Não há dúvida de que a liderança ocupa uma posição central na criação de uma cultura de aprendizagem contínua. A forma como gestores vivenciam e percebem o papel da aprendizagem nos resultados do negócio é crucial para a valorização de processos transversais como o PDI. Isso já foi constatado há décadas, por pesquisadores de diversas áreas (alguns exemplos aqui, aqui e especialmente aqui.
Minha prática com grandes empresas me traz uma certeza: se a liderança acaba mais atrapalhando do que ajudando o PDI a alcançar seus objetivos estratégicos, isso tem a ver com a maneira como essa ferramenta é colocada em prática na maior parte das empresas. Dizendo de outra forma, não adianta colocar a responsabilidade do sucesso ou fracasso do programa nesse grupo, o erro é de design – e a solução passa por incluir a liderança no processo de outra forma. Embora cada organização tenha desafios e características específicas, existem iniciativas que podem ser experimentadas pelos RHs de todas elas.
Vale tentar…
Em primeiro lugar, é preciso reconhecer que a liderança também não gosta e/ou não entende para que existe o PDI. É fundamental enfatizar para o time de gestão que esse processo é um pilar da cultura de aprendizagem da empresa. Deixar claro que, além de permitir o upskilling dos times, a realização eficaz e coletiva de ações de aprendizagem traz ganhos de performance, engajamento e inovação.
Há outro aspecto crucial: líderes também são aprendizes e enfrentam as mesmas dificuldades que qualquer adulto na condução autônoma do próprio desenvolvimento. Identificar necessidades, construir jornadas, criar hábitos e explicitar o conhecimento: esses quatro passos do aprendizado autodirigido são desafiadores para a maioria de nós. Por isso, antes de esperar que gestores apoiem o desenvolvimento de seus times, é preciso garantir que eles mesmos tenham desenvolvido a habilidade de aprender a aprender. Afinal, ninguém pode apoiar o desenvolvimento de algo que desconhece ou não pratica.

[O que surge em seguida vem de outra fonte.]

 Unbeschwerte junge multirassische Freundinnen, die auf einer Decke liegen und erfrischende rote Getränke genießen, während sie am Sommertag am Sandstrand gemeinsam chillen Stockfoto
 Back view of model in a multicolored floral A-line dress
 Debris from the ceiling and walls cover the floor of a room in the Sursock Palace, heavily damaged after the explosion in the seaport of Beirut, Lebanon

Em relação ao ponto acima, temos que considerar ainda a personalidade de cada liderança. Algumas pessoas têm prazer no processo de aprendizado, outras não. É muito natural que o incentivo à aprendizagem apareça, de maneira harmônica e integrada, no estilo de gestão de quem realmente gosta de aprender. Essa característica é um bônus, de certa forma, e está muito relacionada à experiência de vida de cada um. Quando presente, essa familiaridade com a aprendizagem facilita muito o exercício do principal papel da liderança no PDI: ser referência do processo. Atitudes explícitas de apoio genuíno ao lifelong learning têm o poder de transformar organizações e elas são contagiantes. Reconhecer e valorizar esses apaixonados por aprender é uma iniciativa simples e poderosa.

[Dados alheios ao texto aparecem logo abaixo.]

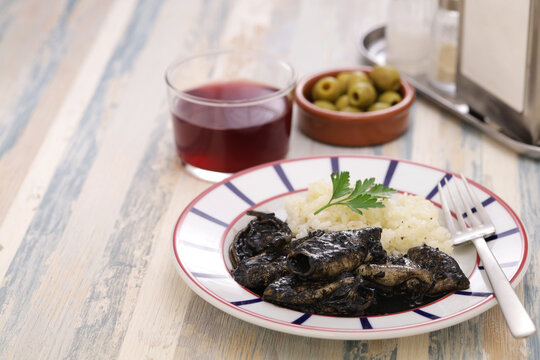 chipirones en su tinta, small squid cooked in black ink, spanish basque cuisine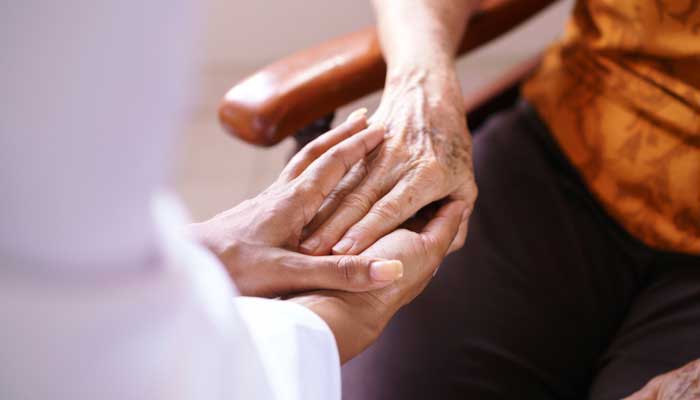 This is a photo a physician is examining the hand of a patient with rheumatoid arthritis. 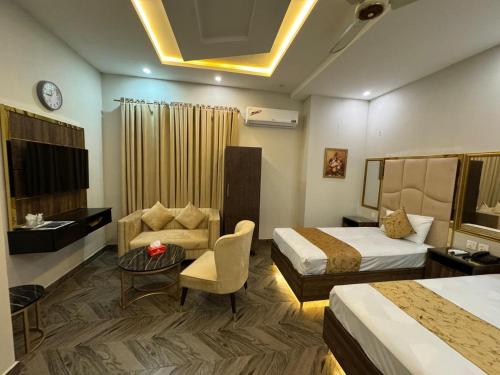 a hotel room with two beds and a couch at Gold Pine Hotel Lahore in Lahore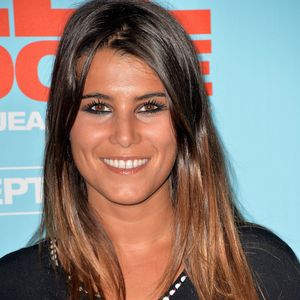 Cette journée festive était d'autant plus spéciale qu'elle coïncidait avec le dixième anniversaire de leur fils aîné, Maël.

Karine Ferri - Avant-première du film "Elle l'adore" au cinéma UGC Normandie à Paris, le 15 septembre 2014.
VEEREN / BESTIMAGE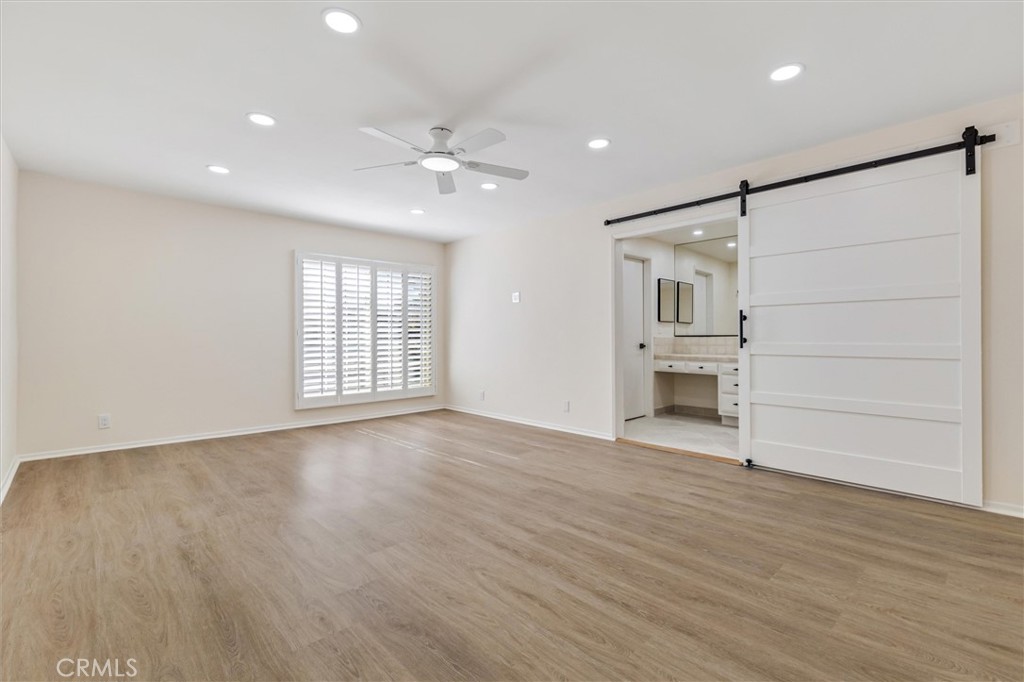 4533 Ironwood Avenue Seal Beach, CA 90740 - Photo 17 of 24 a view of empty room with wooden floor and window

Finalmente, o aprendizado de verdade acontece no dia a dia da gestão. Muitas vezes, quando pedimos para líderes “desenvolverem” seus times, não deixamos claro o que queremos dizer com isso (daí minha crítica à escolha do feedback como o Santo Graal das práticas de gestão de pessoas). Conversas honestas são um ótimo ponto de partida, mas não são suficientes. Pessoas que conduzem áreas ou times precisam ter um repertório de ferramentas que facilitem a inclusão do aprendizado no fluxo de projetos e reuniões. Alguns exemplos simples são encontros de retrospectiva ou post mortem, check-ins e check-outs de aprendizagens em reuniões de rotina e, como parte do processo de desenvolvimento do time, a realização de PDIs com características mais fluidas: revisão trimestral, vínculo à carreira, autonomia de escolha, entre outras.
A liderança pode, sim, apoiar o processo, mas não é a grande responsável pelo fracasso do PDI como ferramenta de desenvolvimento. Um projeto de redesenho deve incluir o repensar da própria lógica de liderança das organizações. Gestores e gestoras não devem ser fiscais de preenchimento de um formulário, mas sim parte integrante de uma cultura de aprendizagem viva, que gere transformação para a empresa, para a área e para cada membro do time.